Native plants and the insects they support are subjects I’m passionate about, so when the opportunity arose for me to submit a design for the America the Beautiful quarter featuring Tallgrass Prairie National Preserve in Kansas, I was thrilled. There are many facets to this National Park Service gem, but the main one is that it preserves some of the last remaining tallgrass prairie ecosystems in North America. Tallgrass prairies are one of the world’s rarest ecosystems and are home to a unique assemblage of plants and animals, so I immediately saw the potential to highlight native plants and insects in my design.
Grasses make up about 80% of a tallgrass prairie’s foliage and are the most visually dominant species, so it made sense to include some grasses in my design. I chose two of the most common and iconic prairie grass species: Big Bluestem (Andropogon gerardii) and Indian Grass (Sorghastrum nutans). From the vantagepoint of being down among the grasses and looking up, my design shows several mature stems of these species blowing in the breeze.
One of the most charismatic insects of the tallgrass prairie is the Regal Fritillary (Speyeria idalia), a lovely orange and black butterfly that depends on vegetation found in prairies. Seen from below, an adult is flying among the grasses in my design. This butterfly nectars on a variety of prairie wildflowers like milkweeds, thistles, goldenrods, and coneflowers, while the larvae of this species need violets.

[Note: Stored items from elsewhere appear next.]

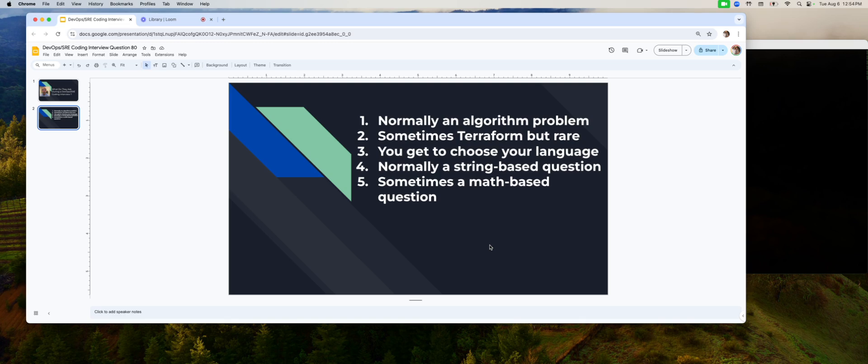Generally, what I see is, first of all, you get to pick your own language. So make sure that you pick a language. Again, I recommend Golang, but you pick your own that you are good at. You are able to write code without too much friction, so you're not slowing down a whole lot. So you have to practice that.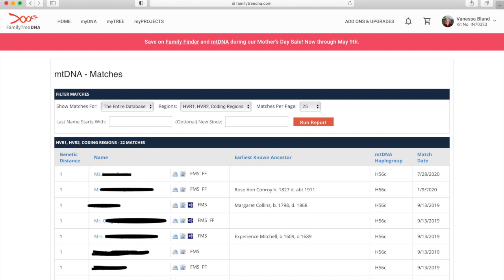And then you've got the haplogroup which is straightforward - that's me, H56C. And then on the last column the match date, so that might be the date that I uploaded my DNA or it might be the date that they uploaded theirs, but it'll be the date that the match happened. If you want to you can actually click on match date and that will sort the columns by the match if you just want to look at your most recent for example.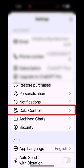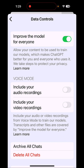And right here, tap on Data Controls. Right now, this turned on allows your content to be used to train their models, which makes ChatGPT better for you and everyone who uses it. I personally don't want my personal data to be used to train these models.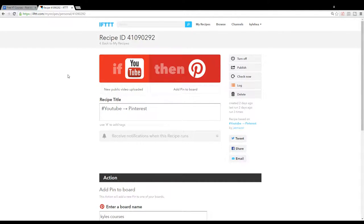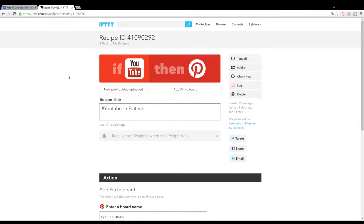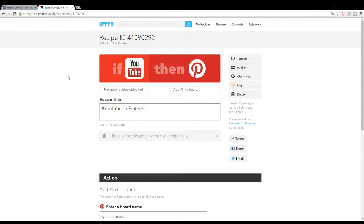Oddly enough, sometimes it takes a screenshot and automatically links to the YouTube video, and other times it just uploads the video directly to Pinterest. It doesn't seem to have any rhyme or reason which way it goes.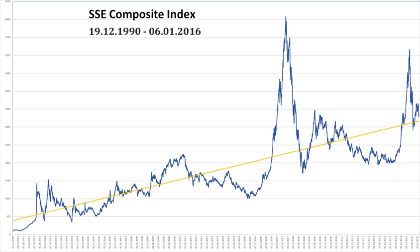The index was launched on July 15, 1991. The formula is: current index equals current total market cap of constituents times base value, divided by base period. Total market capitalization equals price times shares issued. The B-share stocks are generally denominated in U.S. dollars for calculation purposes.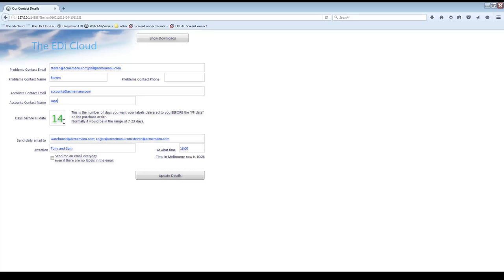Next is the number of days before the FF date you want to receive your labels. You can change this as it suits you, however please note that as soon as we generate your labels they will go on your monthly bill. If you do not need your labels until 14 days before the FF date then you should leave it at 14 days. If you need the labels more than 23 days before, please email DAISY Chain and we will check with Kmart. If you think you need the labels for some orders early due to a public holiday or peak period, you can add a few days on here and then change it back the following day.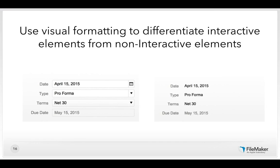So you want to design your interface so that it explains itself, so that people can recognize the patterns they're familiar with. To do that, one of the first things you're going to do is use visual formatting to differentiate interactive elements from non-interactive elements. In any solution, some elements are clickable, interactive, or editable — fields, portals, buttons — while others like labels and text strings are not. You want your user to be able to tell immediately upon looking what's interactive and what's not.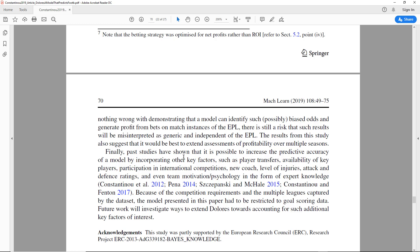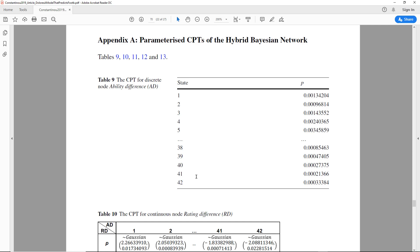Finally, past studies have shown it is possible to increase the predictive accuracy of a model by incorporating other key factors such as player transfers, availability of key players, participation in international competitions, new coach, level of injuries, attack and defence ratings, and even team motivation and psychology. Because of the competition requirements, the model presented here had to be restricted to goal scoring data. Future work will investigate ways to extend Dolores to account for such additional factors. That's something to keep an eye on — perhaps this code might be available to download so that we can use it. Next, we're going to have a look at machine learning.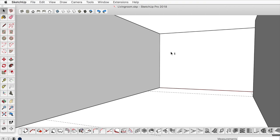In our next video, let's take a look at creating the window in the space here.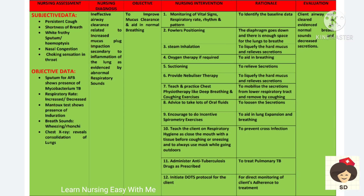The patient will have persistent cough, hemoptysis, and congestion. Because of that, the patient is not able to remove secretions. So the first diagnosis is ineffective airway clearance related to increased mucus plug infection, secondary to inflammation of the lung, as evidenced by abnormal respiratory sounds.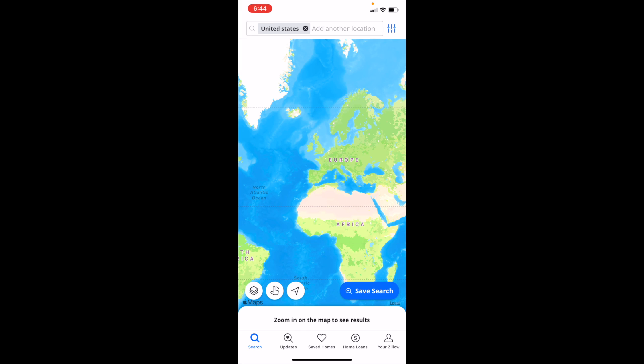In this Zillow tutorial video, I'm going to show you how to edit map type on Zillow. The first thing you have to do is open up the Zillow application.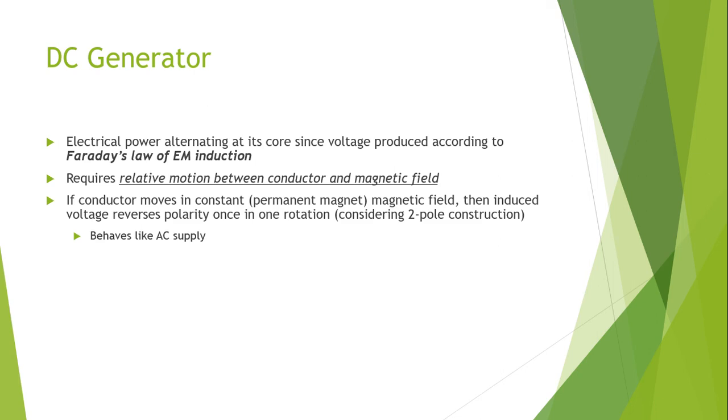If the conductor is moving in a constant permanent magnetic field, then the induced voltage polarity is reversed in each rotation, considering it is a two-pole construction. So basically the movement will be producing an AC supply.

Many other plant and animal species merit representation on a coin commemorating the tallgrass prairies of the Flint Hills in Kansas; it was difficult to narrow it down to the two grasses and the butterfly. Of all the America the Beautiful quarters that include animals, this one is unique in that it features an invertebrate animal. I’m excited to see this butterfly in circulation! Its release date is today.